While in Deva on Tuesday, the secretary of state within the Education Ministry stated in a press conference that the schools should introduce classes of good conduct for schoolgirls so that they could learn “how to walk straight and to be good hosts, and how to serve tea”. Salaru argued these guidance lessons would be useful “for an easier integration into society, through attitude and posture.”
“Our pupils don’t know how to walk on the street. I would like to see a schoolgirl from the 11th or 12th grade walking nicely on heels, dancing waltz or tango, to be good hosts.

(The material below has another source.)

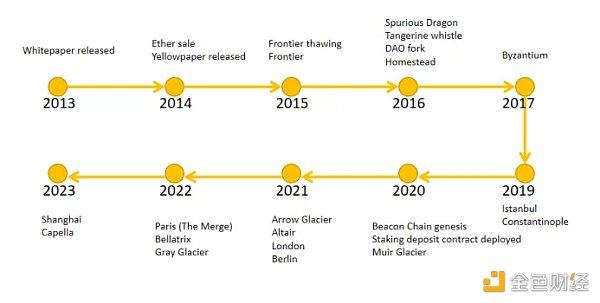 倒计时26天:上海升级已定 以太坊将发生哪些重大变化?插图4 倒计时26天:上海升级已定 以太坊将发生哪些重大变化?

I think it’s a side of the Romanian education that has been totally neglected and which could remind, and I hope you won’t smile, of the old boarding school education,” Salaru was saying, as quoted by “Glasul Hunedoarei” paper.
Asked if it wouldn’t be more useful for the pupils to learn traffic rules or first aid classes, the secretary of state answered: “Nobody says they shouldn’t be taught (…) I was just saying that some other lessons should be taught, besides those ones.”
“I apologize if I didn’t make myself clear, but I consider that a boy, when he takes a girl’s arm, at least this is the way things are going on in Moldavia where I come from, is less interested if the girl knows traffic rules, but if she knows how to walk, like a lady. In one word, the chest ahead, the back behind, so that all boys should black out,” Salaru advised the girls.
He has served as secretary of state since January this year. Salaru is co-president of ALDE Iasi and he also runs for the Iasi City Hall.
In retort, the resigning secretary of state said he stepped aside in order to not compromise “either the educational system or his party, ALDE”, also pointing out the journalist from “Glasul Hunedoarei” distorted his statement. “A journalist from a local paper in Hunedoara tendentiously distorted one of my views about the nonformal education that should weigh more during the school counselling classes. Those were not my words and I haven’t been granted the right to answer either. The journalist used expressions that haven’t ever belonged to me, but which caused me serious prejudices,” Salaru replied.
He argued that other local papers such as “Ziarul hunedorean” or Hunedoara TV station (where the press conference has been recorded) have corectly reported the information. “Pawkily, I think that a straight back, bellied chest and the look ahead are counting a lot. The optimism expressed by a young man helps him see life differently”, the official said this was the real statement and that the journalist revised it and misinterpreted it, “assigning unspoke words to him.